Posted by: David Schneier
Application Security, Microsoft Security
After being criticized for years for being completely opaque and obtuse about virtually everything that goes on inside the walls in Redmond, Microsoft has swung pretty far in the other direction lately, at least when the topic is security. The company has been very open about the processes and tools that it has used in its Trustworthy Computing effort, to the point of releasing books on its software security practices and inviting outside experts in for its semi-annual Blue Hat confabs. Microsoft’s latest effort in this long, drum-banging, kimono-opening, insert-evangelism-cliche-here process isa series of videos recorded during the invitation-only Blue Hat meetings.
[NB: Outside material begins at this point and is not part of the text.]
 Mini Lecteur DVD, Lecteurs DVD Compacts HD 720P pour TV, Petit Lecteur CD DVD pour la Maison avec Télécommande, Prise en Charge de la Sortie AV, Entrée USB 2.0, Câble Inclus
The company has posted a number of them on its TechNet site, including a video on Microsoft’s threat-modeling process, starring Adam Shostack.
The video, which also includes a segment with Danny Dhillon, a senior security consultant at EMC, explaining the company’s threat-modeling program, has a pretty good, if quick, overview of Microsoft’s program. Shostack spends much of his time in the video comparing Microsoft’s and EMC’s programs, which he says are “remarkably similar.” The companies have different terminologies and structures, but the basic ideas and goals are the same. The great thing about this video, as well as the others Microsoft has posted, and the other assorted content it’s been churning out related to its SDL and other processes, is that it can serve as a nice, free education for developers. For the vast majority of development organizations without the resources that Microsoft has, this content can be a great foundation for further investigation. Think of it as the technical equivalent of those free online courses from MIT.
Video of the rest of the sessions from the fall Blue Hat meetings are online as well, so take advantage of Microsoft’s legwork and largess and feed your mind.